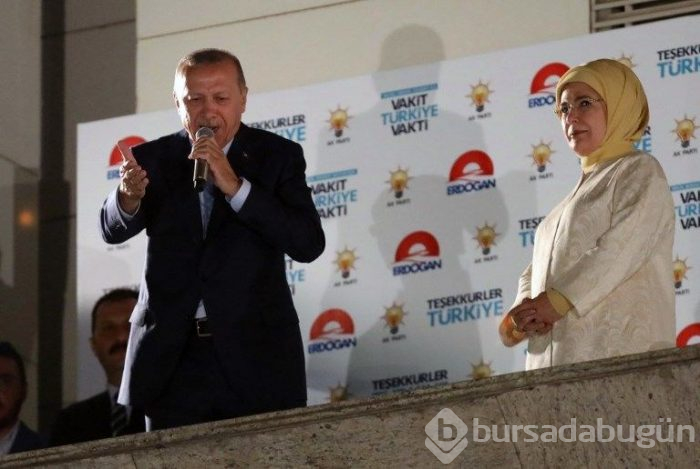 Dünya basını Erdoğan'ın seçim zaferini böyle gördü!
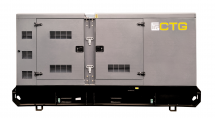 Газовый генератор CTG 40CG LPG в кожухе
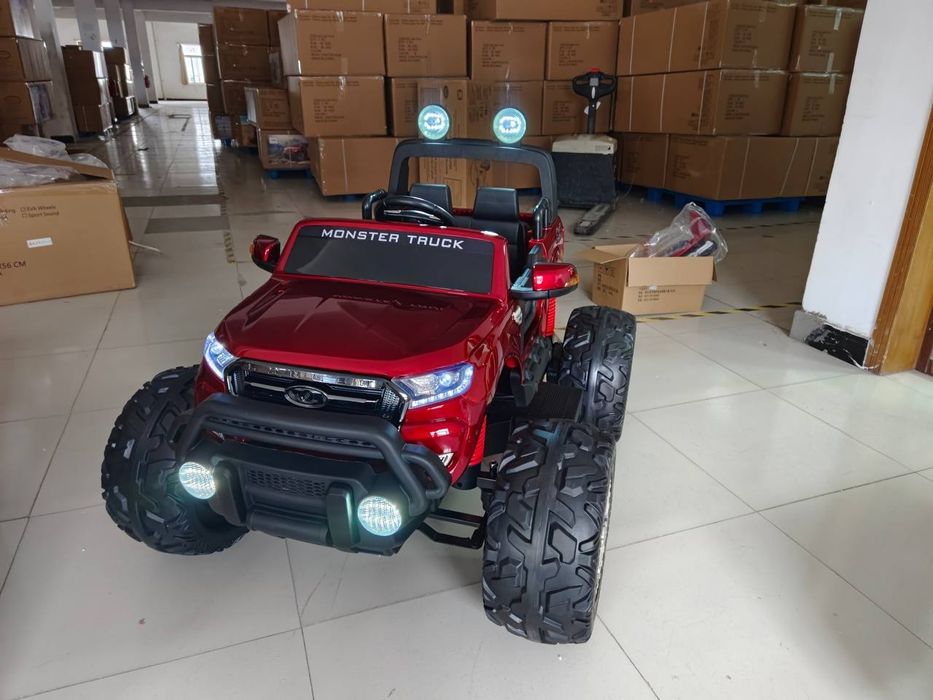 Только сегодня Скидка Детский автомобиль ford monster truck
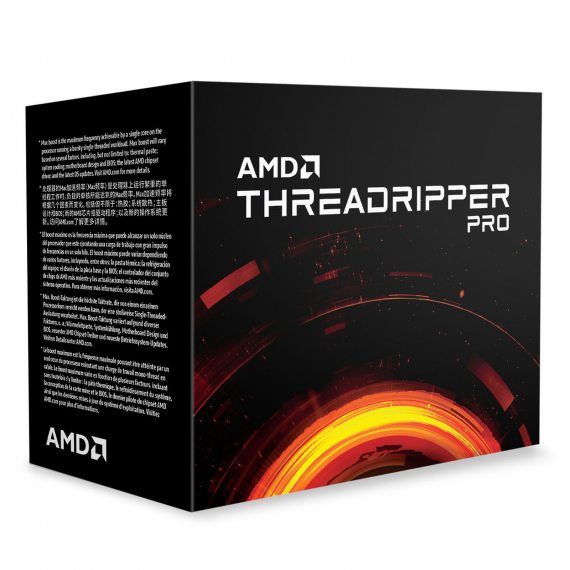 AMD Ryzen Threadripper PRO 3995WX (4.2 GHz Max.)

- [TASK DESCRIPTION]
Copy the preceding data in full and word for word, dropping its pictures.

- [EXERCISE OUTPUT]
 Dünya basını Erdoğan'ın seçim zaferini böyle gördü!
 Газовый генератор CTG 40CG LPG в кожухе
 Только сегодня Скидка Детский автомобиль ford monster truck
 AMD Ryzen Threadripper PRO 3995WX (4.2 GHz Max.)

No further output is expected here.